→ Work item: Each line of the entries, from the first to the line containing "Hotel Cuevas III", is to be transcribed exactly as it stands; include no other lines.

Scraped caption text data
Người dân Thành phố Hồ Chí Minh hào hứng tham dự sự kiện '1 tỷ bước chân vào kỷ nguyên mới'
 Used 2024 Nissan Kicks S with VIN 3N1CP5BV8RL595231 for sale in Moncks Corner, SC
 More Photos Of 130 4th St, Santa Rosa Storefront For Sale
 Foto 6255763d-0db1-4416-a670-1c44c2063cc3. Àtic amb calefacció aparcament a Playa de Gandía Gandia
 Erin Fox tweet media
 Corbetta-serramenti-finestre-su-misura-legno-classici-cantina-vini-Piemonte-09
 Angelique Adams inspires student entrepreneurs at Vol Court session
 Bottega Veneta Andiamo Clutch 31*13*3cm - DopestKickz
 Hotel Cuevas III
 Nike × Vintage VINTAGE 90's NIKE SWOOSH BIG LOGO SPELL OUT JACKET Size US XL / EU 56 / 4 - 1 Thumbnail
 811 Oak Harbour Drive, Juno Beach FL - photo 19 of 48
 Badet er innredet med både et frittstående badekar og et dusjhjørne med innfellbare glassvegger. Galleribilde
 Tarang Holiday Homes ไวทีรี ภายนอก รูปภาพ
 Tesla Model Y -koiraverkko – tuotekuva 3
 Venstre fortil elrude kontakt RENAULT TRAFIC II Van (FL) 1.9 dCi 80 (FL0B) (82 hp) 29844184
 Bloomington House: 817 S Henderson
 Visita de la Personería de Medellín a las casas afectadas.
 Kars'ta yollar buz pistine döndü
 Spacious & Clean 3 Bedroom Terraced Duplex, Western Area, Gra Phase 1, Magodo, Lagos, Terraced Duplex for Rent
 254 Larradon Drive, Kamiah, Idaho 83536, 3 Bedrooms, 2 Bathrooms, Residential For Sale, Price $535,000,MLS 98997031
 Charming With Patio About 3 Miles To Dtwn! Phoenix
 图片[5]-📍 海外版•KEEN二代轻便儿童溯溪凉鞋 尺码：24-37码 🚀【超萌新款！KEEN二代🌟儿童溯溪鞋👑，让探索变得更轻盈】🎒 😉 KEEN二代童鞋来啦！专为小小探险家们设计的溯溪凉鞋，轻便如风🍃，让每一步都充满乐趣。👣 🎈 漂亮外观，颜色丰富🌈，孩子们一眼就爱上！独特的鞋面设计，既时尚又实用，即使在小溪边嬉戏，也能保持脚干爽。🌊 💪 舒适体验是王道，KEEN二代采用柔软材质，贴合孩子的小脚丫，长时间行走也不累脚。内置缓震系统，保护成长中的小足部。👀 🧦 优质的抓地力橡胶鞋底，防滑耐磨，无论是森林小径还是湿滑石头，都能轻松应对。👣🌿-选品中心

→ Reply to the exercise:
Người dân Thành phố Hồ Chí Minh hào hứng tham dự sự kiện '1 tỷ bước chân vào kỷ nguyên mới'
 Used 2024 Nissan Kicks S with VIN 3N1CP5BV8RL595231 for sale in Moncks Corner, SC
 More Photos Of 130 4th St, Santa Rosa Storefront For Sale
 Foto 6255763d-0db1-4416-a670-1c44c2063cc3. Àtic amb calefacció aparcament a Playa de Gandía Gandia
 Erin Fox tweet media
 Corbetta-serramenti-finestre-su-misura-legno-classici-cantina-vini-Piemonte-09
 Angelique Adams inspires student entrepreneurs at Vol Court session
 Bottega Veneta Andiamo Clutch 31*13*3cm - DopestKickz
 Hotel Cuevas III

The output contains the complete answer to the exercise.